The threat’s triteness, however, may offer a clue to its real significance. To become a cliché, a figure of speech has to begin with enough freshness, irony, or dead-on accuracy to get repeated until its original gist wears off. So what did this expression mean, and who said it first?
The quote is usually attributed to Curtis LeMay, the scowling Air Force general who incinerated two thirds of Japan’s cities in World War II and was disappointed when Kennedy wouldn’t let him do the same to Cuba. In his 1968 memoir he suggested that rather than negotiating with Hanoi, the United States should “bomb them back to the stone age,” by taking out factories, harbors, and bridges “until we have destroyed every work of man in North Vietnam.”
LeMay, however, had cribbed it from a June 1967 column by humorist Art Buchwald, who used the phrase to caricature the Goldwater Republican attitude toward Vietnam. The 1964 “Daisy Girl” ad had already tarred Republicans as inveterate bombers, but the joke came from Buchwald’s association of bombing with time travel.
The Kennedy and Johnson administrations talked of winning in Vietnam by nation-building it “into the twentieth century.” Particularly after World War II, U.S. officials tended to rank countries by a single measure, technology, and to express progress in terms of time.

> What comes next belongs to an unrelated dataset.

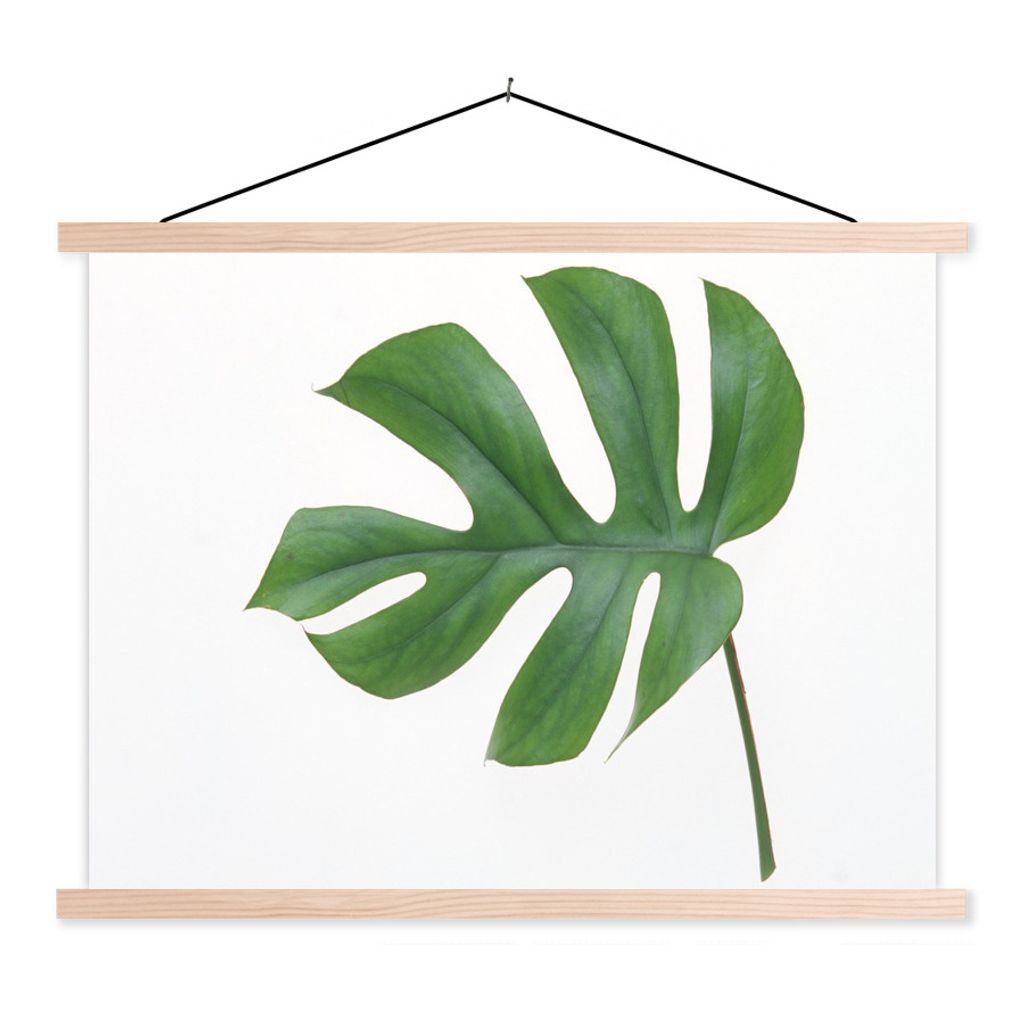 MuchoWow Textilposter Botanisches Blatt auf weißem Hintergrund 120x90 cm mit holzfarbenen Rahmen - Magnetisch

Rural, unmechanized countries were feudal, primitive, or backward while industrialized countries, like Britain, lived closer to our time zone, off by maybe a few minutes. Communism’s lumbering one-way march through history was an “alien time sense,”Life magazine explained. Americans treated time like “raw material for whatever project is before us.”
The ability to help friendly countries skip ahead in time by dispensing technology and foreign aid gave Washington a valuable weapon for winning allies. Its controlling vote in the World Bank and multilateral agencies allowed it to decide which countries advanced, and how fast. In Pakistan, the United States built hydroelectric dams, steel mills, airports, and a small atomic reactor.
But there was another strategy deployed in Asia, the one Buchwald lampooned and LeMay advocated. Nations could be wound back like clocks. Twentieth century accoutrements headed the list of bombing targets, and American reconnaissance planes flew regularly and visibly over Pakistan. When the prime minister visited Washington in 1966, Johnson presented him a framed color photograph of his country taken from the window of a Saturn rocket.
Leaders of Musharraf’s generation grew up identifying the United States with the excitement, speed, and energy of modern technology, while also being conscious that America felt it owned modernity, that it had a right to decide who lived in the future, and who in the past. Armitage may never have said anything about the stone age, but when he phoned in September 2001 to ask if Pakistan was on our side, Musharraf heard the assertion of an old prerogative. Washington was calling to tell him what time it was.